Today, AI-powered chatbots are becoming standard in customer service. They enable interactions in a much more natural, organic, and simply far less frustrating way for users. Instead of relying on pre-programmed scenarios, a generative virtual assistant finds the appropriate response, if necessary, using information retrieval from external sources.
Zalando, a pioneer of generative artificial intelligence in the fashion industry, supports its customer service in this way. In FMCG, Carrefour uses an AI assistant, whose Hopla offers real-time product suggestions and assists customers based on their preferences and shopping needs.
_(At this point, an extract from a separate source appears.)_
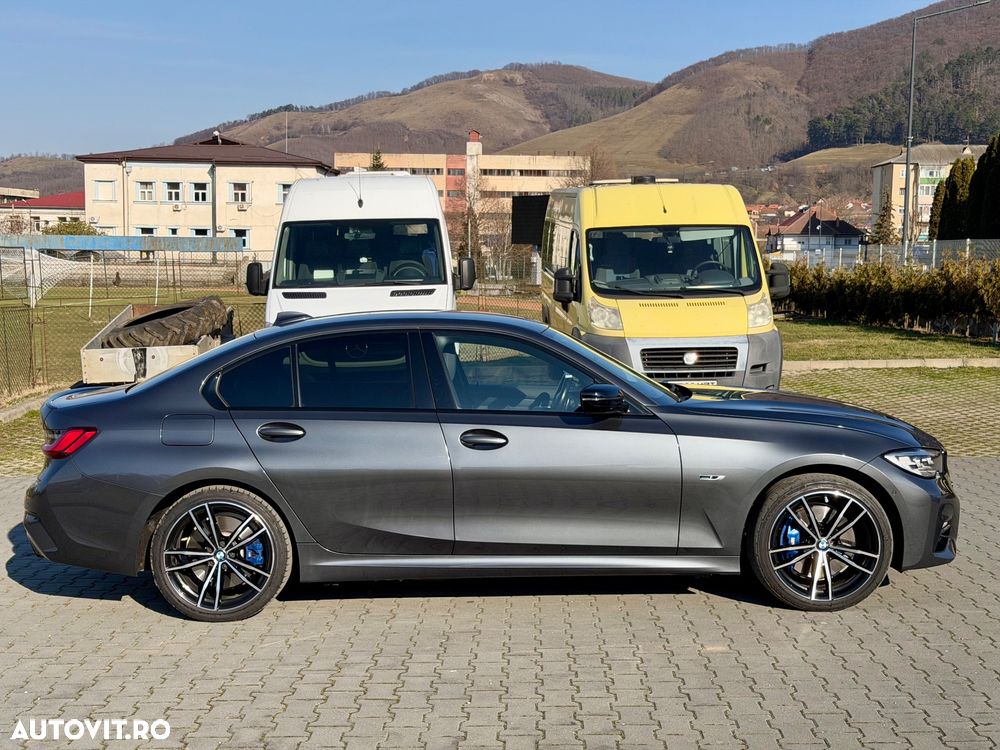 BMW Seria 3 330e Aut. M Sport - 9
Predictive Analytics and Customer Insights in AI based eCommerce
Leveraging AI for predictive analytics is transforming how eCommerce businesses understand customer behavior. AI eCommerce helps identify:
- Purchase Timing: Determining when customers are most likely to buy certain products.
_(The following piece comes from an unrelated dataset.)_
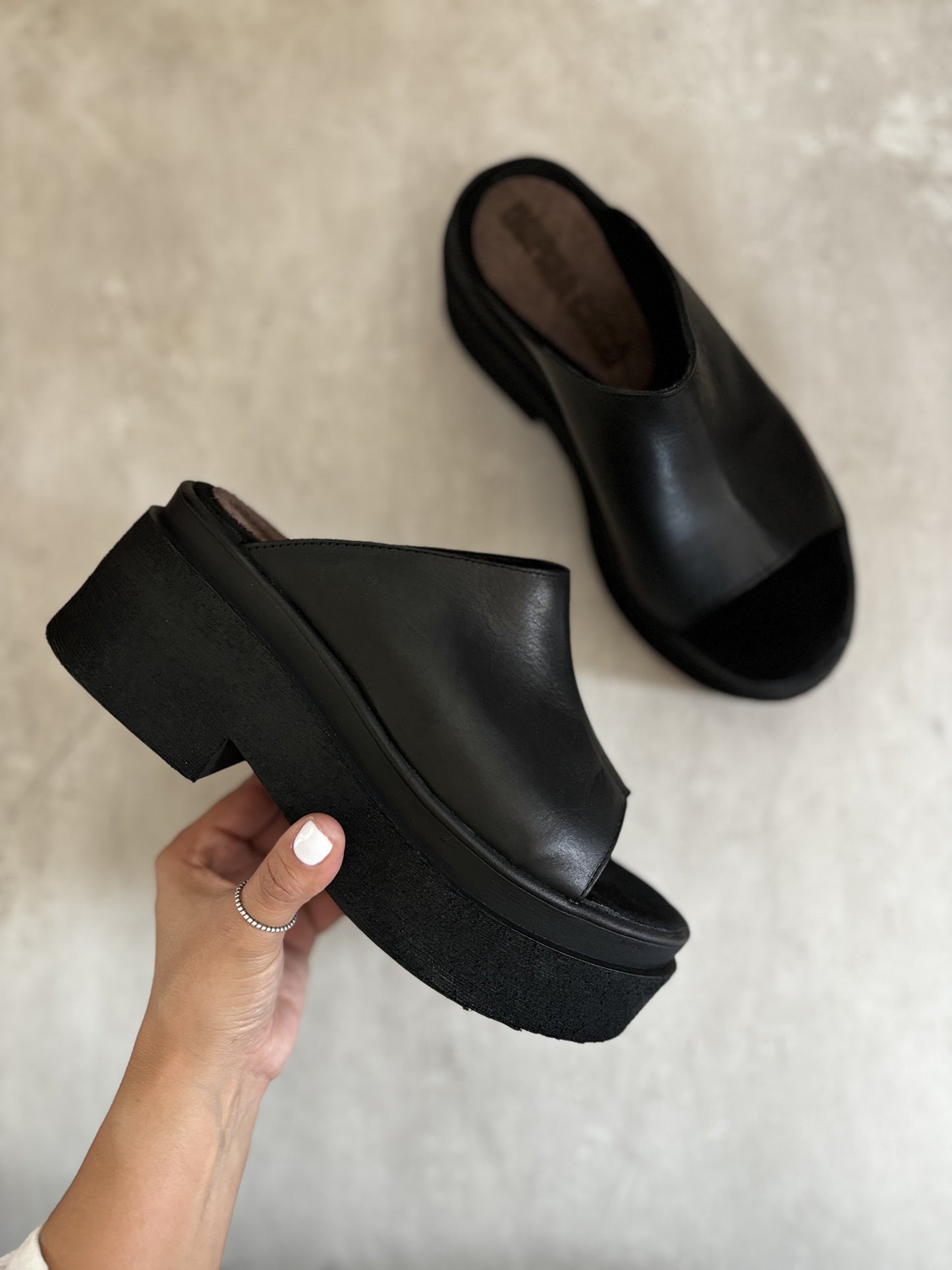 PRE VENTA/ Sandalias Marina Negro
- Shopping Patterns: Understanding preferred shopping days, product pairings, and browsing behavior.
- Impulse Triggers: Identifying what prompts impulse buys, such as promotions or limited-time offers.
- Trend Impact: Detecting how emerging trends influence purchasing decisions.
- Seasonal and Time Effects: Analyzing how seasons and times of day affect shopping habits.
- Customer Segments: Dividing customers into segments based on habits, preferences, and demographics for targeted marketing.
Enhancing Marketing Strategies and Product Development with AI Insights
AI-driven insights enhance marketing strategies and product development by:
- Identifying Viable Products: Highlighting which products are likely to succeed and be profitable.
- Maximizing Campaign ROI: Determining which products and channels yield the highest return on investment.
- Attracting High-Value Customers: Identifying marketing channels that draw the most valuable customer segments.
- Reducing Churn: Pinpointing stages in the purchase journey where customer drop-off is highest and addressing those areas.
Automated Inventory Management for AI eCommerce
Inventory management is another aspect of modern eCommerce where AI became essential. By automating various aspects of inventory control, AI ensures that stock levels are accurately maintained and seamlessly integrated between physical stores and online shops.
This integration allows for real-time updates on product availability, ensuring that customers always have the most accurate information. Additionally, AI in eCommerce helps adjust marketing campaigns to address overstock issues, predicts sellouts by issuing alerts for restocking specific products, and automates returns management, making the entire process more efficient and less prone to errors.
Who leads the way in AI-driven inventory management? In the fashion segment, it’s hard not to mention Zara, which has become a benchmark for production and inventory management. In fashion, one must act quickly but with ultra-precision—Zara knows this well and understands that it wouldn’t be possible without advanced data and AI.
The brand forecasts demand for different styles and sizes with remarkable accuracy. This enables it to produce small batches of clothing and quickly restock items, minimizing unsold inventory and responding swiftly to changing customer preferences.
Fraud Detection and Security in AI based eCommerce
Besides the personalized access protection mentioned in the chapter on personalization, AI can protect your mobile app in many other ways. The most important is detecting unusual behavior through algorithms that continuously analyze in the background.
These can involve transactions as well as other areas of app usage. For example, if the app detects unusual activity on a customer’s account, it can block access before any sensitive data is compromised. This entire process is fully automated, providing users with a relatively stress-free and unhurried shopping experience.